Luckily, it’s not difficult to get started the right way. Consider these four tips that most start-up entrepreneurs overlook.
1. Prepare Your General Ledger
Whether you are a seasoned entrepreneur or it is your first start up, setting up your accounting books may seem tedious and bland. Many start ups will really on off the shelf accounting software, which provide templates and general guidelines for you to get started. While these are ok and completely acceptable for most start ups, if you want a true understanding of the financials of your company and to be able to provide the evidence of the value you have built, you may want to give your start up careful consideration. Hiring a professional to help get you started may be a little pricey, but it could greatly benefit you in the long run.
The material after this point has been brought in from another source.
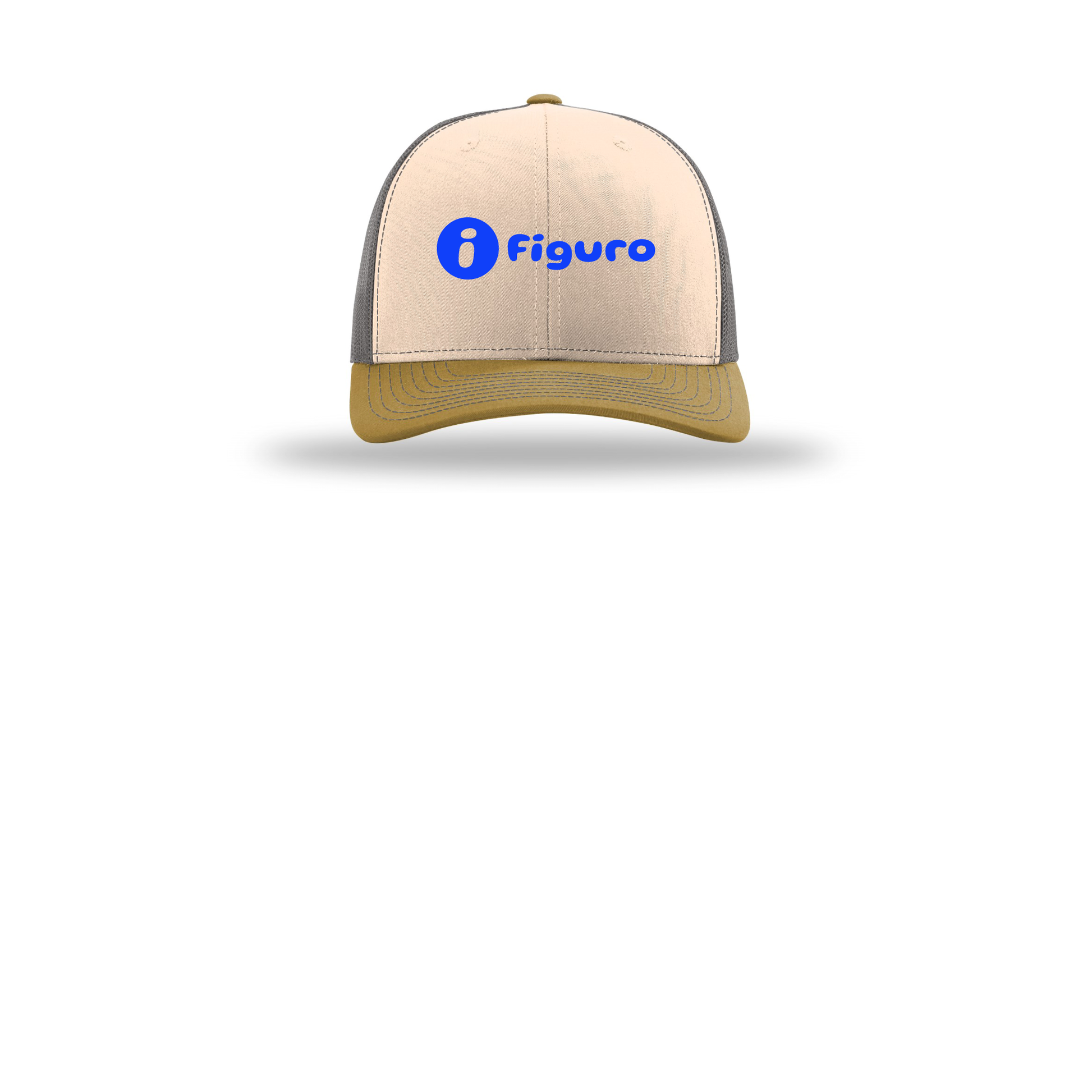 getfiguro-richardson-trucker-cap-embroidery-capfront-R112-minkbeigecharcoalambergold-flat-front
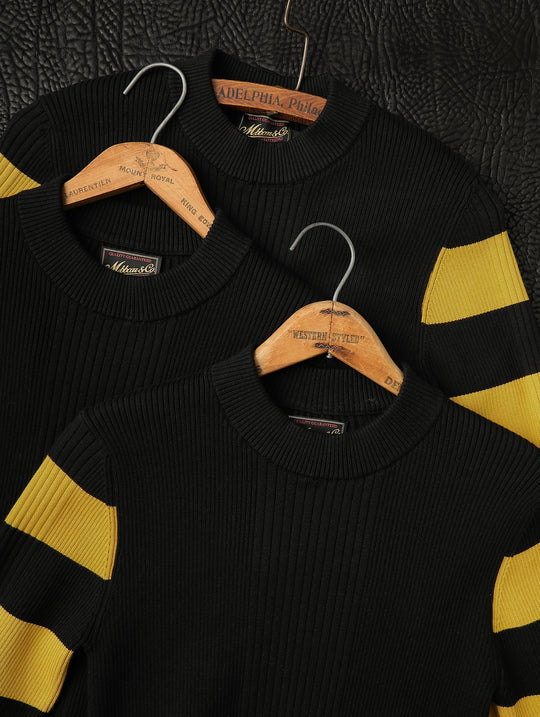 Motorcycle-Style Striped Sport Sweater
2. Keep Business and Play Separate
It is perfectly acceptable for entrepreneurs to pay for various expenses with company funds, provided those expenses meet the generally acceptable accounting standards (GAAP). However, far too many entrepreneurs use company funds for personal use and then try to justify it with liberal interpretations of the GAAP or by improperly reporting the expense.
Doing this can open you up to a great deal of liability and get you in hot water with the IRS. It will be difficult to separate these expenses when valuing your company in the future. From the beginning, it is best to just keep all business and personal expenses separate.
3. Report all revenues
It is not difficult, and for many it’s extremely enticing, to skim money from the business at the start, especially if most of your business is done in cash. Not only will this get you in trouble with the IRS, but you would be actively lowering the value of your business in the long run. Proving value and growth will be difficult if you are not reporting real numbers from your business.
4. Keep careful records and receipts
It would seem reporting all of your revenue just means handing over more of your hard-earned money to Uncle Sam. This isn’t necessarily true. If you fully understand what you can expense and, more importantly, keep all records of your activity (this helps with due diligence of potential buyers and investors along with audits), you can work down your taxable income without hurting the value of your company.
It’s not uncommon for investors looking to invest in a small business to meet an entrepreneur whose only proof of success and value was a shoebox full of money. Some would even stress that the company was paying auto expenses, personal utilities, or even groceries and that investors should consider those expenses as part of the value of the company.
The problem is that most of these entrepreneurs couldn’t prove those expenses because of poor book keeping, and as a result the company loses valuation and leverage during negotiations. Most entrepreneurs are not thinking about an exit when they are in startup stages of a business. If you plan to divest or grow your company through investment, how you run your business before you start is something you can’t overlook.